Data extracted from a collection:
---

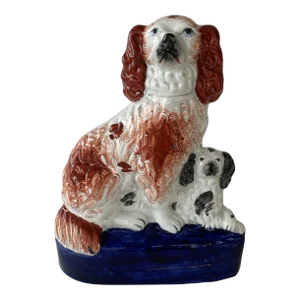 English Staffordshire Dog & Pup Figurine 19th Century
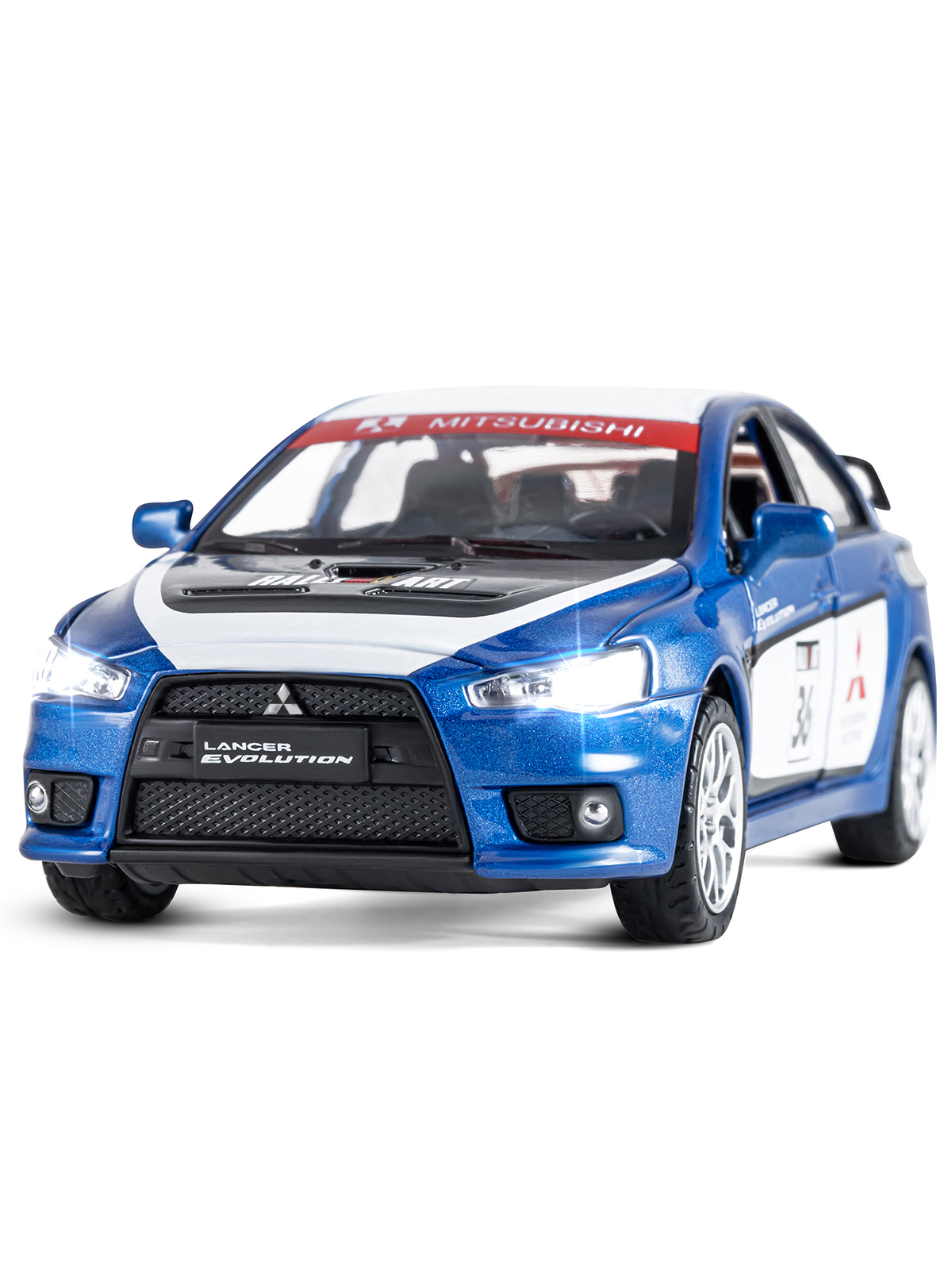 Автомобиль АВТОпанорама Mitsubishi Lancer Evolution 1:32 JB1251472 - фото 12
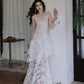 DOLLY Elegant White Flower Embroidery Lace Ruffle Layered Dinner Dress-DAISY  (V)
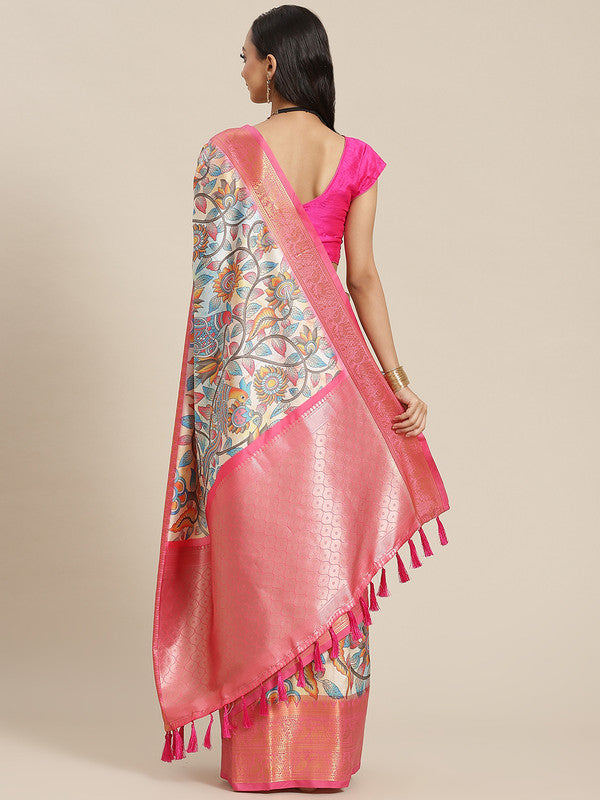 Multicolor Floral Digital Print Art Silk Saree with Unstitched Blouse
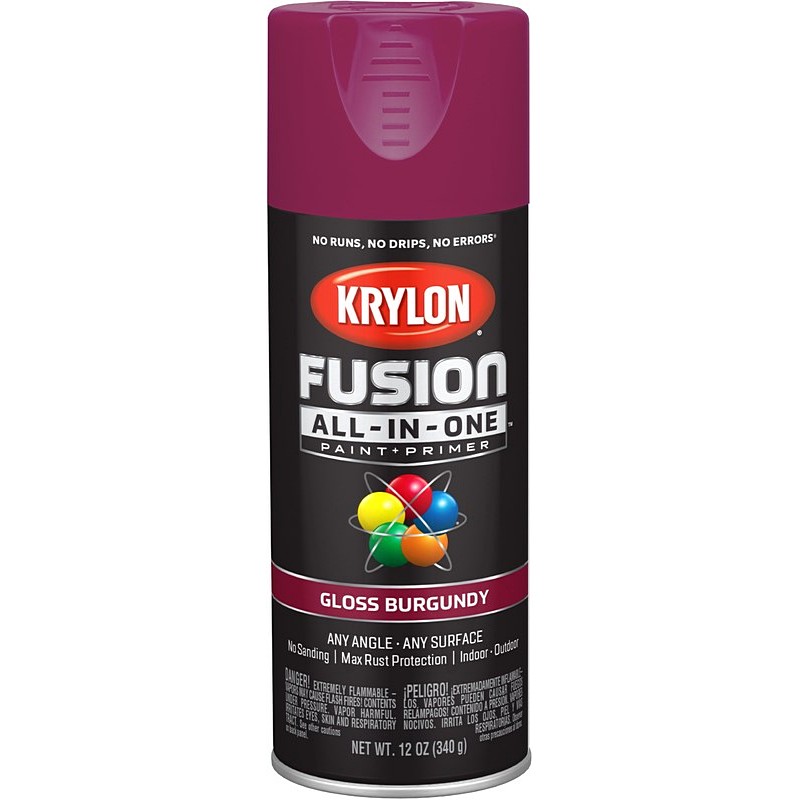 Krylon Fusion All In One Spray Paint + Primer Gloss Burgundy 12 oz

---

WHAT THE EXERCISE ASKS: Beginning with the line that contains "Multicolor Floral Digital", print exactly every line through the end of the records, both included. Omit the pictures.

TASK OUTPUT:
 Multicolor Floral Digital Print Art Silk Saree with Unstitched Blouse
 Krylon Fusion All In One Spray Paint + Primer Gloss Burgundy 12 oz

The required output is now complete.